Isolando cellule dendritiche dal fluido sinoviale, dal sangue e dalle articolazioni di alcuni pazienti malati di artrite reumatoide, i ricercatori hanno scoperto che oltre a sviluppare le molecole infiammatorie sono ricche di MiR34a, in particolar modo in quelli allo stadio iniziale della malattia. Questa molecola è in grado di sopprimerne un'altra che regola l'azione delle cellule dendritiche, la AXL, che è carente nei pazienti affetti da artrite reumatoide.

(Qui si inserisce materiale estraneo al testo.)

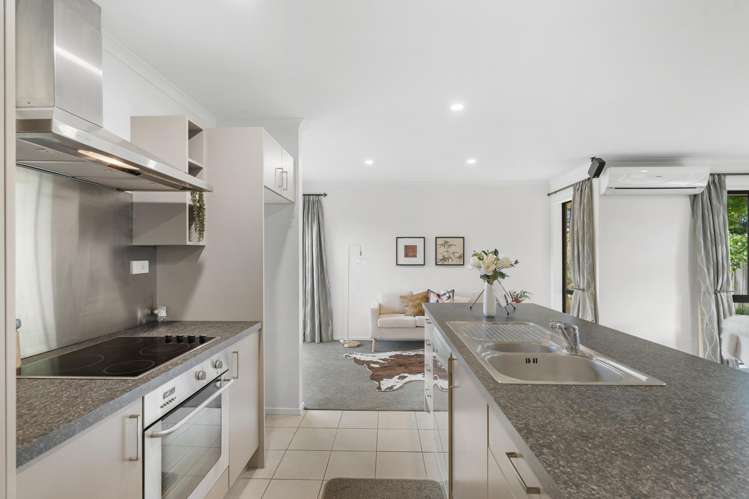 4 Lightning Close Wigram_6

Sfruttando queste conoscenze in alcuni esperimenti sui topi, gli scienziati hanno scoperto che sopprimendo MiR34a gli animali riescono a sviluppare una vera e propria resistenza all'artrite reumatoide.

Attraverso farmaci mirati – alcuni dei quali già in sperimentazione – in grado di inibire questo interruttore molecolare anche negli esseri umani sarà dunque possibile “ristabilire l'equilibrio immulogico e promuovere la risoluzione dell'artrite”, come ha sottolineato con ottimismo il professor Ferraccioli. I dettagli della ricerca sono stati pubblicati sull'autorevole rivista scientifica Nature Communications.